The verdict against Zhao Weiguo, former chairman of government-supported Tsinghua Unigroup, came more than two years after Chinese authorities first announced a corruption probe against him.
Zhao stepped down as chairman in 2022, around the same time when Chinese media outlet Caixin reported that he had been taken away by Chinese authorities for investigation.
Prosecutors accused Zhao of abusing his power to provide benefits to relatives and friends, as well as illegally acquiring state assets valued in 2023 at more than 470 million yuan, equivalent today to $65 million. He was also charged with arranging improper transactions that incurred losses for a listed company and resulted in more than 890 million yuan in economic losses for the state, equivalent today to $124 million.
On Wednesday, more than 19 months after Zhao stood trial in September 2023, the Intermediate People's Court in the northeastern city of Jilin sentenced the former executive to death with a two-year reprieve, according to state broadcaster China Central Television.
Such penalties are typically commuted to life imprisonment.
The court said that Zhao's corrupt activities involved sums that were 'extremely huge, and caused especially severe losses to state interests," according to CCTV. The broadcaster said Zhao admitted guilt, expressed remorse and actively tried to return his illicit gains—qualifying him for a degree of leniency.
Zhao couldn't be reached for comment. Tsinghua Unigroup didn't respond to a request for comment.
Tsinghua Unigroup was once hailed as one of China's chip-making champions, with subsidiaries that produced chips for computers and mobile devices as well as cloud-computing infrastructure.
Zhao, who first joined the company in the 1990s, helped build Tsinghua Unigroup into a major player in semiconductors through an aggressive series of acquisitions—part of a government program to catch up with the West in chip-making capabilities.
To fund its chip expansions, Tsinghua Unigroup relied heavily on government support.
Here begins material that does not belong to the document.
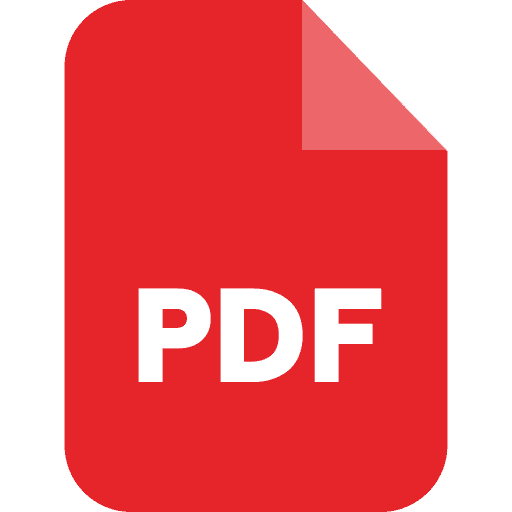 Create & Edit US Bank Statement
Under Zhao, the company also invested in other sectors such as finance, education and media. Zhao stepped down as chairman in 2022.
In recent years, Tsinghua Unigroup has undergone a series of bankruptcy reorganizations after defaulting on billions of dollars in bonds. In 2022, the company completed a restructuring process that officially replaced its two former owners—China's elite Tsinghua University and a holding entity owned by Zhao—with a consortium led by two state-backed semiconductor venture-capital firms.
The case against Zhao, first announced in early 2023, was among a series of corruption probes that snared leading figures in China's semiconductor industry at the time, following years of aggressive investments that sometimes failed or stalled.